What I don't understand is why that implies that the p-values themselves have a uniform distribution.
That is, I understand this much:
Suppose X ~ Unif(a, b). Then the CDF of X is:
$$P(X \le x) = \begin{cases} 0\ \ {\rm{if}}\ \ x \le a \\ (x-a)/(b-a)\ \ {\rm{if}} \ \ a \le x < b \\ 1\ \ {\rm{if}}\ x \ge b \end{cases}$$
So if X ~ Unif(0, 1), then $$P(X \le x) = x$$ (just substituting a=0 and b=1).
Now suppose $$Y = F(X)$$, and we want to know the probability distribution of Y. That is, we want to know the probability distribution of the CDF of X.
We know that the CDF of a distribution is a unique identifier of a distribution, so if you see, for example, $P(X \le x) = x$ then you know X ~ Unif(0, 1).
We also know that CDFs are right-continuous, and they go from 0 to 1. So it's reasonable to pick a value, f, that lies between 0 and 1 and try to find the probability that the CDF, Y, takes a value less than or equal to f:
$$\begin{align*} P(Y \le f) &= P(F(X) \le f) \\ &= P(X \le F^{-1}(f)) \ {\rm{assuming\ F\ is\ invertible}} \\ &= F(F^{-1}(f)) \\ &= f \end{align*}$$
So since $P(Y \le f) = f, Y = F(X)$ must follow a uniform distribution.
This implies that for any continuous random variable (that satisfies some properties that I'm not sure of), the CDF of that continuous random variable will have a Unif(0, 1) distribution.
It does NOT imply that the random variable itself has a Unif(0, 1) distribution.
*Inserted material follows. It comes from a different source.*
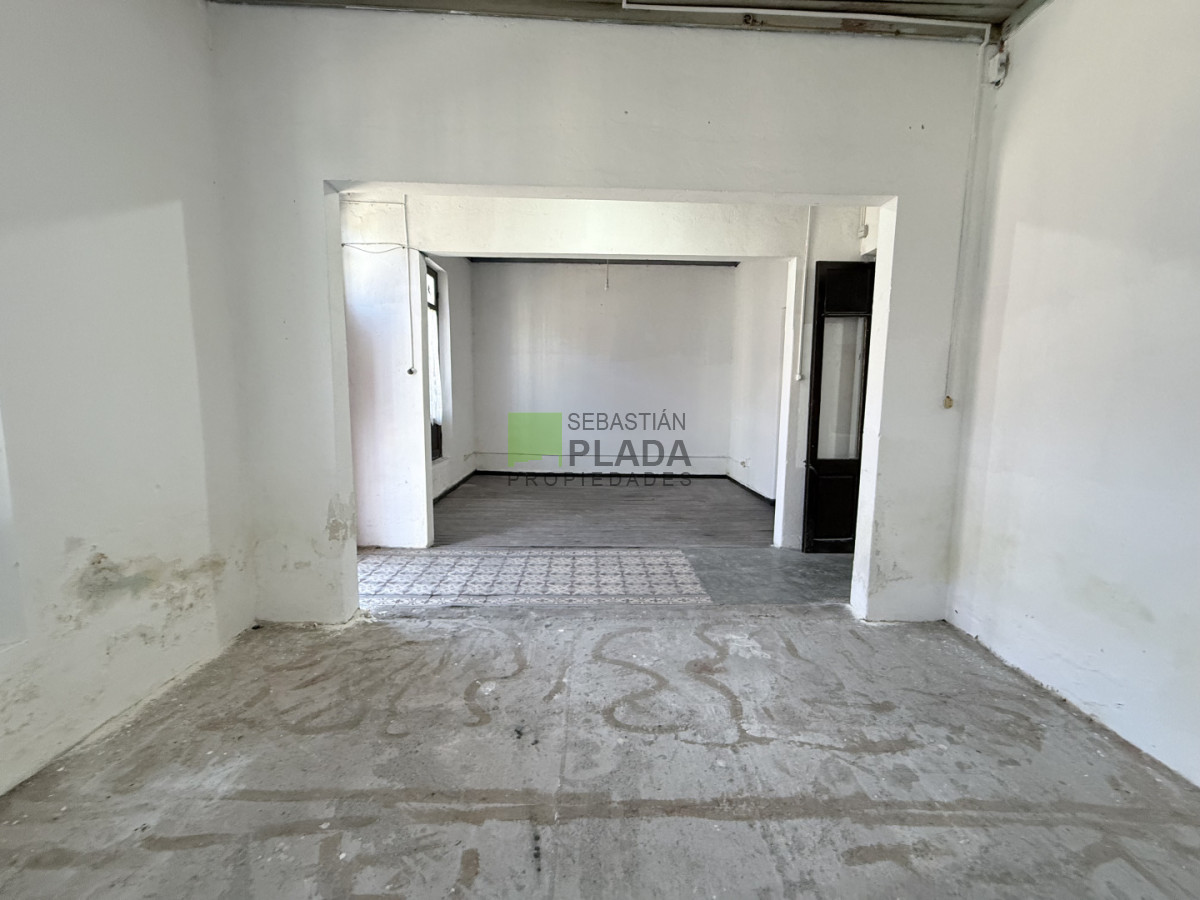 Local Comercial ID.1060 - Local Colonial en el Centro de San Carlos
That is, it does not mean that X has a Unif(0, 1) distribution, only that F(X) has a Unif(0, 1) distribution.
So if a test statistic has a continuous distribution, then the CDF of that test statistic has a Unif(0, 1) distribution. Why does this mean that the p-values have a uniform distribution?
Wait...are p-values the CDF of a test statistic?
Clearly I'm tying myself in knots here. Any help would be appreciated.
EDIT (responding to a comment):
Here's my line of thinking since sleeping on it.
If we have $P(X \le x) = x$, then X ~ Unif(0,1).
Since $P(F(X) \le f) = f$, that means $F(X)$ ~ Unif(0,1), right?
But why does this lead us to think that p-values are uniformly distributed if the null hypothesis is true?
Suppose for instance we have:
$$H_0: \mu \ge 0$$ $$H_a: \mu < 0$$,
and $\sigma$ is known. Let $ts$ be the test statistic, which has a non-standard normal distribution. After standardization, let the z-score associated with the test statistic be $z_{ts}$.
Then we would reject $H_0$ if $P(Z < z_{ts}) < 0.05$. That is, we would reject $H_0$ if the p-value is less than 0.05.
The form $P(Z < z_{ts})$ is the same kind of form as a CDF, right? If the test statistic is continuous then this is the same as $P(Z \le z_{ts})$.
Now let $F(Z) = P(Z \le z_{ts})$.
Is this really a CDF? If so, then what?
What about when we have other alternative hypotheses (like $H_a: \mu > 0$ or $H_a: \mu \ne 0$)?